Assignment: Everything in the records is to be written out exactly, except the pictures.

Records for this task:
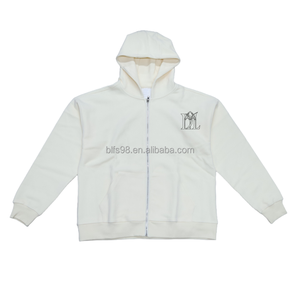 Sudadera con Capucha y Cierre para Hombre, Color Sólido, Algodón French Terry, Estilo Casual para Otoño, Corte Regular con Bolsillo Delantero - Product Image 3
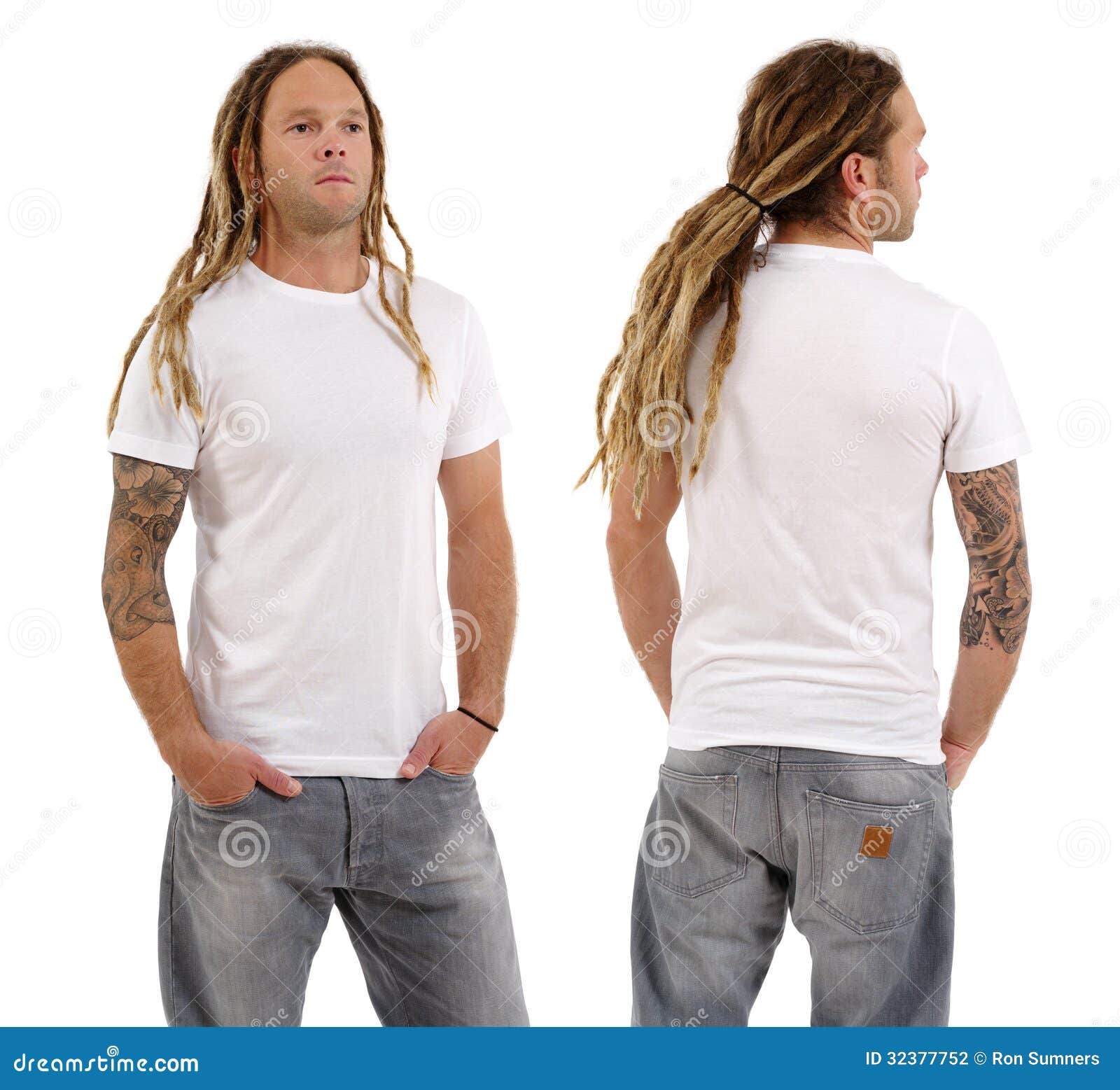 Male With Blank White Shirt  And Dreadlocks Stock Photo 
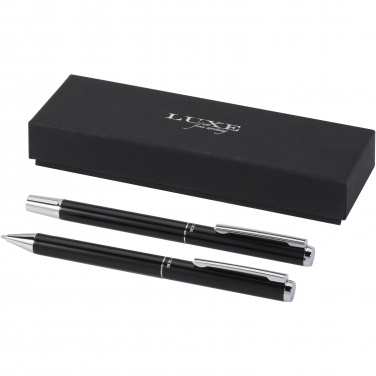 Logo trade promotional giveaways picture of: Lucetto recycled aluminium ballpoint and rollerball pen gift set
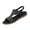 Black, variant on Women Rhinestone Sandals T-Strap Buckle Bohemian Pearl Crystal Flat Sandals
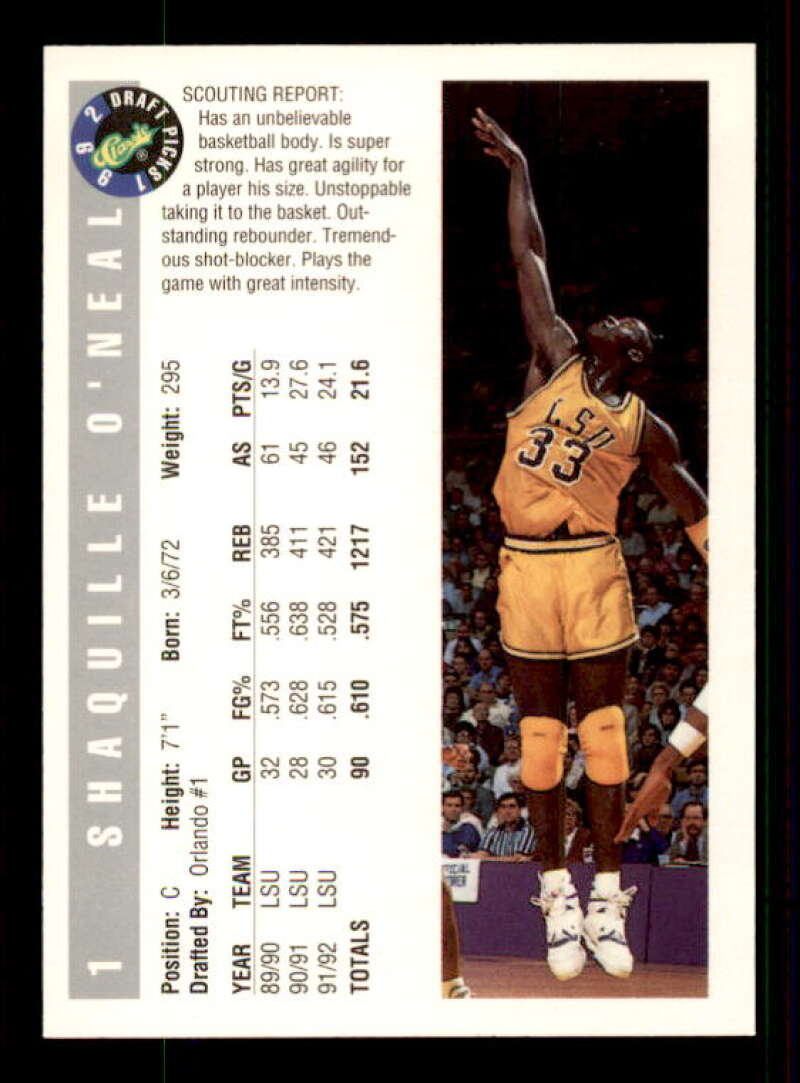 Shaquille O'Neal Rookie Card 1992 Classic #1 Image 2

Exercise result:
 Sudadera con Capucha y Cierre para Hombre, Color Sólido, Algodón French Terry, Estilo Casual para Otoño, Corte Regular con Bolsillo Delantero - Product Image 3
 Male With Blank White Shirt  And Dreadlocks Stock Photo 
 Logo trade promotional giveaways picture of: Lucetto recycled aluminium ballpoint and rollerball pen gift set
 Black, variant on Women Rhinestone Sandals T-Strap Buckle Bohemian Pearl Crystal Flat Sandals
 Shaquille O'Neal Rookie Card 1992 Classic #1 Image 2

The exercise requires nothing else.